PPS Considers Requiring Students in Jefferson Catchment to Attend the School

Strategies to boost student enrollment, currently at 459, include sunsetting the high school’s dual assignment zones.

Jefferson High School. (Chris Ryan)

Portland Public Schools officials will spend the upcoming school year exploring a couple of strategies to boost enrollment at Jefferson High School. It’s currently the district high school with the lowest enrollment: just 459 students.

The move comes shortly after voters approved a $1.83 billion bond presented by PPS in the May election. A substantial portion of those funds are allocated toward school modernizations at Jefferson, Cleveland and Ida B. Wells high schools. Of those three rebuilds, it is Jefferson’s size that raised the most eyebrows among several education economists WW spoke to in March, who cautioned against spending close to half a billion dollars to revamp a school with less than 500 students (“Too Many High Schools,” March 19).

But Jefferson’s supporters say the school has not been given a fair chance to bring in more students. They have said Jefferson’s current status as a noncomprehensive high school, poor facilities, and dual assignment zones are all limiting its draw.

Advocates have also underlined the significance of the school for Portland’s Black community. For decades in the 20th century, it boasted high enrollment and was Oregon’s only majority-Black high school.

In a May 29 memo to the Portland School Board, district leaders appeared poised to reverse some of those factors. The move comes as a response to a December 2022 resolution by the School Board, which required that the superintendent “initiate a process to develop a plan to increase student enrollment at Jefferson High School” by the start of the 2026–27 school year.

“PPS recognizes the need to revitalize Jefferson enrollment in order to ensure equitable access to quality education within the community, optimize resource allocation, and support the successful implementation of Jefferson’s modernization plan,” chief of schools Dr. Jon Franco wrote in the memo.

Perhaps the most notable piece of the effort to turn Jefferson’s enrollment around would be opening a conversation to sunset the district’s dual assignment zones. The memo notes that since the 1980s, Jefferson students have been allowed to transfer to other high schools, first as part of a desegregation effort and later through the No Child Left Behind Act.
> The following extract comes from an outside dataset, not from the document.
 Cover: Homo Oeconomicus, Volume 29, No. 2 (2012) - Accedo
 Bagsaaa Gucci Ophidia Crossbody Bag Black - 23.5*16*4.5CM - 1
Currently, students living in the Jefferson attendance zone can choose to enroll at Grant, McDaniel or Roosevelt high schools, all comprehensive high schools that have been modernized with money from other other PPS bonds. This year, 1,358 students in the dual assignment zones chose to attend one of those three high schools instead of Jefferson. The district memo also notes an inequity: While 40% of Black students opt in to Jefferson instead of a comprehensive high school, just 25% of white students do.

The discussions will consist of an advisory group to commence in the fall. Three public meetings will be heald before winter break, and the group will recommend action to increase enrollment sometime in winter of the 2025–26 school year. Any changes to the dual assignment zones would require board approval.
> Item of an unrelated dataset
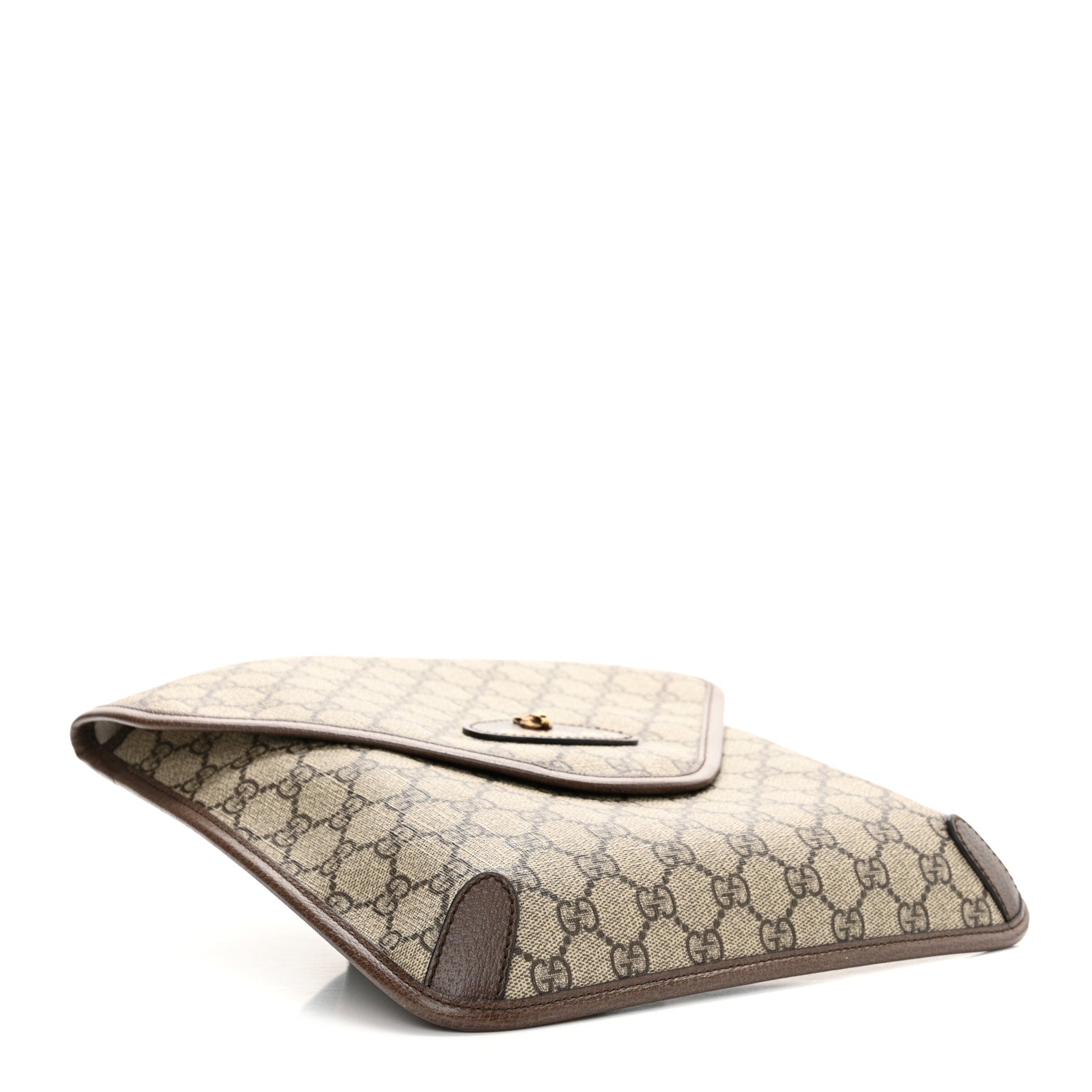 Gucci GG Supreme Monogram Web Medium Neo Vintage Flap Messenger Bag Beige New Acero 4 of 9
“A community dialogue will commence to consider sunsetting dual assignment and reestablishing Jefferson as a comprehensive neighborhood high school, ensuring equitable access, enrollment clarity, and long-term stability for students and schools,” the memo reads.

Another piece of the strategy will involve a marketing and advertising campaign “to raise awareness of the historic investment in Jefferson,” with additional outreach at Jefferson’s feeder middle and K-8 schools.

That strategy would appear to be part of a broader districtwide effort to boost declining enrollment, which the district cites as a major influence in the series of budget deficits it has faced since 2022. PPS has begun a Recruitment, Retention, and Recovery campaign to build family trust and bring students back into the district, director of communications Candice Grose previously told WW.

District officials will hear opinions from members of the School Board on June 10 regarding their plan. School Board member Michelle DePass, whose zone encompasses Jefferson and who has been one of the school’s most outspoken defenders, was not immediately available for comment.